(MATERIAL FOR THIS TASK):
/---

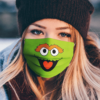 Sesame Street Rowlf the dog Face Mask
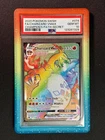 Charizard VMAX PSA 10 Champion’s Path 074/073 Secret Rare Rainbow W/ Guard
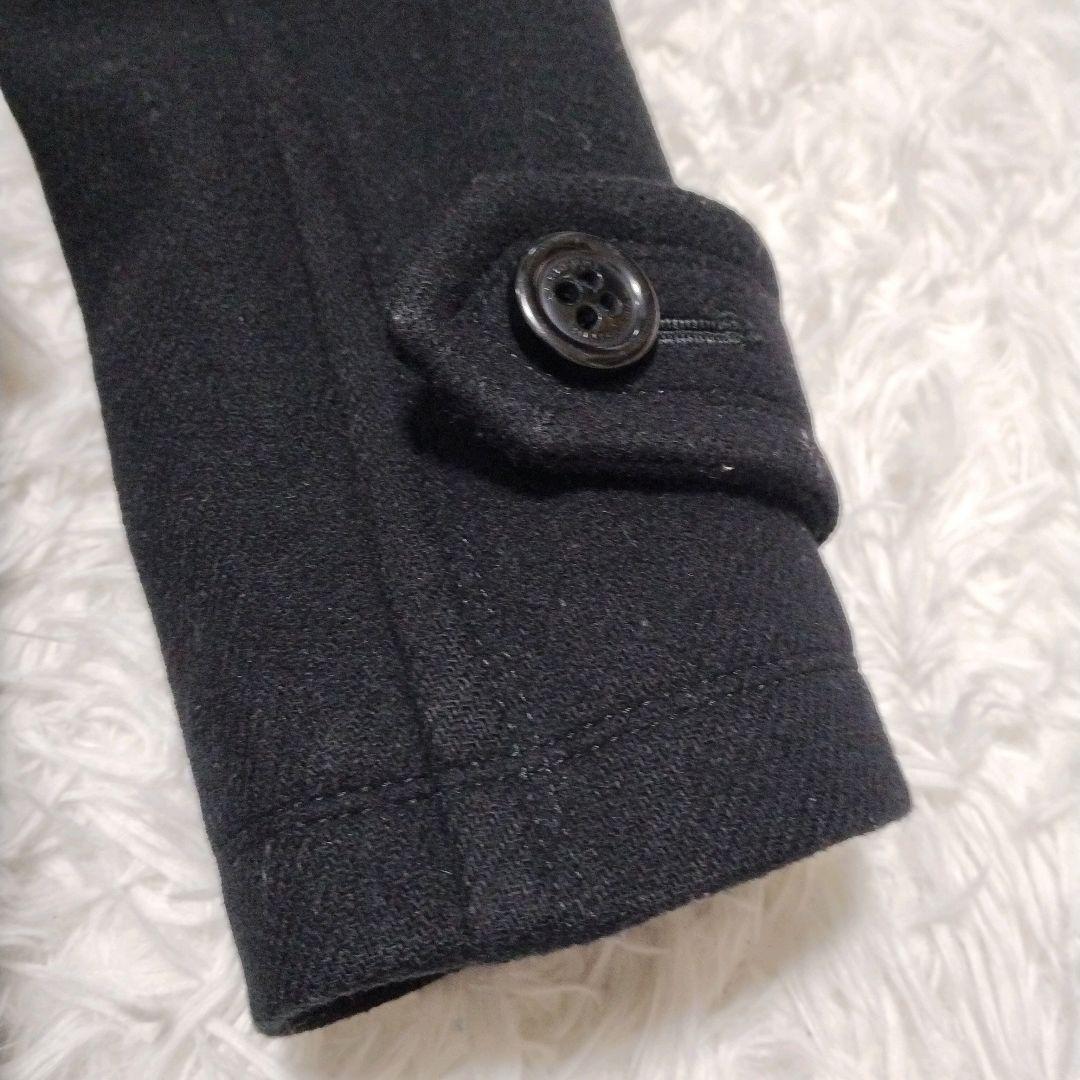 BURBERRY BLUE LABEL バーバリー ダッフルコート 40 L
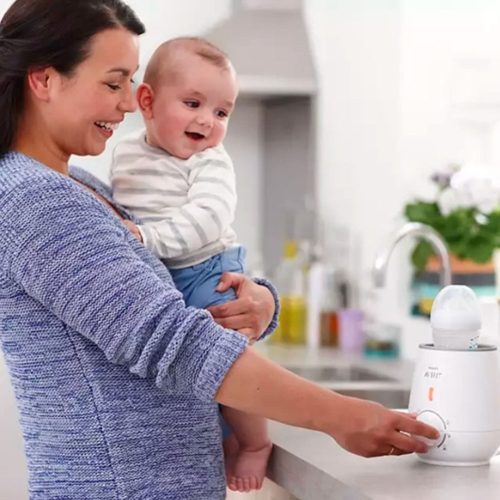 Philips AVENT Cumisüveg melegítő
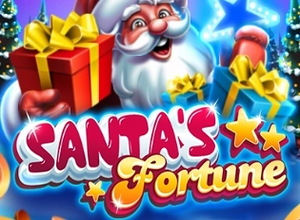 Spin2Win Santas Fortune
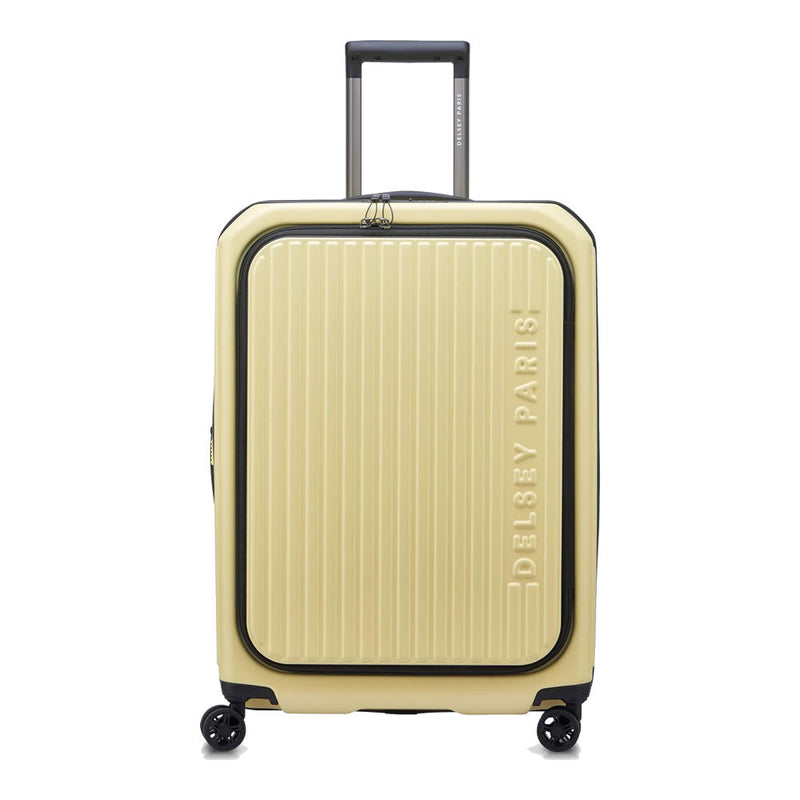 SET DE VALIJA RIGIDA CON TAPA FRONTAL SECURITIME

\---

(TASK TO CARRY OUT):
Transcribe all the data word for word; the images stay out.

(ANSWER BELOW):
 Sesame Street Rowlf the dog Face Mask
 Charizard VMAX PSA 10 Champion’s Path 074/073 Secret Rare Rainbow W/ Guard
 BURBERRY BLUE LABEL バーバリー ダッフルコート 40 L
 Philips AVENT Cumisüveg melegítő
 Spin2Win Santas Fortune
 SET DE VALIJA RIGIDA CON TAPA FRONTAL SECURITIME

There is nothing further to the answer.